Step 3: Generate Video

Wan2.1 T2V 1.3B

python -m mlx_video.wan2.gemer \
    --model-dir ./Wan2.1-T2V-1.3B-MLX \
    --prompt "A cat playing piano in a cozy living room, cinematic lighting" \
    --width 832 --height 480 --num-frames 81 \
    --steps 50 --guide-scale 5.0 \
    --seed 42 \
    --output-path wan21_1b.mp4

Wan2.1 T2V 14B

python -m mlx_video.wan2.gemer \
    --model-dir ./Wan2.1-T2V-14B-MLX \
    --prompt "A woman walks through a misty forest at dawn, slow motion, cinematic" \
    --width 1280 --height 704 --num-frames 81 \
    --steps 50 --guide-scale 5.0 \
    --seed 42 \
    --output-path wan21_14b.mp4

Tip

: If the first few frames look washed out or have color artifacts, add --trim-first-frames 1 to generate 4 extra frames at the start and discard them. With the unipc scheduler (default), 10 steps often gives satisfying results — useful for quick iteration.

Wan2.2 T2V 14B

Wan2.2 uses a dual-model pipeline (separate high-noise and low-noise transformers) and takes guidance as a high,low pair:

python -m mlx_video.wan2.generate \
    --model-dir ./Wan2.2-T2V-A14B-MLX \
    --prompt "Two astronauts playing chess on the surface of the moon, dramatic lighting, 8K" \
    --negative-prompt "low quality, blurry, distorted" \
    --width 1280 --height 704 --num-frames 81 \
    --steps 40 --guide-scale "3.0,4.0" \
    --seed 42 \
    --output-path wan22_t2v.mp4

Tip

: With the unipc scheduler (default), 10 steps often produces satisfying results for 14B models — a significant speed-up with minimal quality loss. Try --steps 10 for quick iterations.

Wan2.2 I2V 14B

Image-to-video: animates a starting image guided by a text prompt. Pass the image with --image:

python -m mlx_video.wan2.generate \
    --model-dir ./Wan2.2-I2V-A14B-MLX \
    --image ./my_photo.png \
    --prompt "The person slowly turns their head and smiles, cinematic, natural lighting" \
    --negative-prompt "low quality, blurry, distorted" \
    --width 1280 --height 704 --num-frames 81 \
    --steps 40 --guide-scale "3.5,3.5" \
    --seed 42 \
    --output-path wan22_i2v.mp4

Tip

: As with T2V, --steps 10 with the unipc scheduler is often sufficient for fast prototyping.

Wan2.2 TI2V 5B

Text+image-to-video: a single-model variant with a larger VAE (z_dim=48). Resolution must be divisible by 32 (not 16 as with other models):

python -m mlx_video.wan2.generate \
    --model-dir ./Wan2.2-TI2V-5B-MLX \
    --image ./my_photo.png \
    --prompt "The subject waves hello, warm sunlight, film grain" \
    --width 1280 --height 704 --num-frames 41 \
    --steps 40 --guide-scale 5.0 \
    --seed 42 \
    --output-path wan22_ti2v.mp4

Note

: The 5B model is fast — 40 steps run quickly and are recommended for best quality.
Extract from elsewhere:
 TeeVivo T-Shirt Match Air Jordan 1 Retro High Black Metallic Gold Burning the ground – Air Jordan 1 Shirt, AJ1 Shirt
Frame count: --num-frames must satisfy 4n+1 for all models (e.g. 5, 9, 13, 21, 41, 81, 101 …).

Resolution: Always use the model's native resolution. While generation will succeed at other sizes, mismatched resolutions or aspect ratios are likely to produce visual artifacts. Preferred resolutions are:

480P — 832×480 (landscape) or 480×832 (portrait) — for Wan2.1 1.3B

720P — 1280×704 (landscape) or 704×1280 (portrait) — for Wan2.1 14B, Wan2.2 T2V/I2V/TI2V

Generation Options

Option	Default	Description
`--model-dir`	(required)	Path to converted MLX model directory
`--prompt`	(required)	Text prompt
`--image`	—	Input image path (I2V and TI2V modes)
`--negative-prompt`	config default	Negative guidance prompt
`--width`	`1280`	Output width in pixels
`--height`	`704`	Output height in pixels
`--num-frames`	`81`	Number of frames (must be `4n+1`)
`--steps`	config default	Diffusion steps
`--guide-scale`	config default	Guidance scale; use `"high,low"` pair for Wan2.2 dual models
`--shift`	config default	Noise schedule shift
`--seed`	`-1` (random)	Random seed for reproducibility
`--output-path`	`output.mp4`	Output video file path
`--scheduler`	`unipc`	Solver: `euler`, `dpm++`, or `unipc`
`--trim-first-frames`	`0`	Drop N leading frames (fixes first-frame artifacts on 14B models)
`--tiling`	`auto`	VAE tiling: `auto`, `none`, `spatial`, `temporal`

Quantization (Reduced Memory)

Quantize the transformer weights to reduce memory usage by ~3.4×. Quantization is supported for all model variants and is especially important for running 14B models on devices with limited unified memory:

# Convert with 4-bit quantization (works for any variant)
python -m mlx_video.wan2.convert \
    --checkpoint-dir ./Wan2.1-T2V-1.3B \
    --output-dir ./Wan2.1-T2V-1.3B-MLX-Q4 \
    --quantize --bits 4 --group-size 64

python -m mlx_video.wan2.convert \
    --checkpoint-dir ./Wan2.1-T2V-14B \
    --output-dir ./Wan2.1-T2V-14B-MLX-Q4 \
    --quantize --bits 4 --group-size 64

python -m mlx_video.wan2.convert \
    --checkpoint-dir ./Wan2.2-T2V-A14B \
    --output-dir ./Wan2.2-T2V-A14B-MLX-Q4 \
    --quantize --bits 4 --group-size 64

python -m mlx_video.wan2.convert \
    --checkpoint-dir ./Wan2.2-I2V-A14B \
    --output-dir ./Wan2.2-I2V-A14B-MLX-Q4 \
    --quantize --bits 4 --group-size 64

python -m mlx_video.wan2.convert \
    --checkpoint-dir ./Wan2.2-TI2V-5B \
    --output-dir ./Wan2.2-TI2V-5B-MLX-Q4 \
    --quantize --bits 4 --group-size 64

You can also quantize an already-converted MLX model without re-converting from PyTorch:

python -m mlx_video.wan2.convert \
    --checkpoint-dir ./Wan2.2-T2V-A14B-MLX \
    --output-dir ./Wan2.2-T2V-A14B-MLX-Q4 \
    --quantize-only --bits 4

Quantized models are used exactly the same way — the quantization is auto-detected from config.json:

python -m mlx_video.wan2.generate \
    --model-dir ./Wan2.2-T2V-A14B-MLX-Q4 \
    --prompt "A cat playing piano"

What gets quantized: Self-attention (Q/K/V/O), cross-attention (Q/K/V/O), and FFN (fc1/fc2) — 10 layers × N blocks = ~95% of model weights. Embeddings, norms, and the output head remain in bfloat16 for precision.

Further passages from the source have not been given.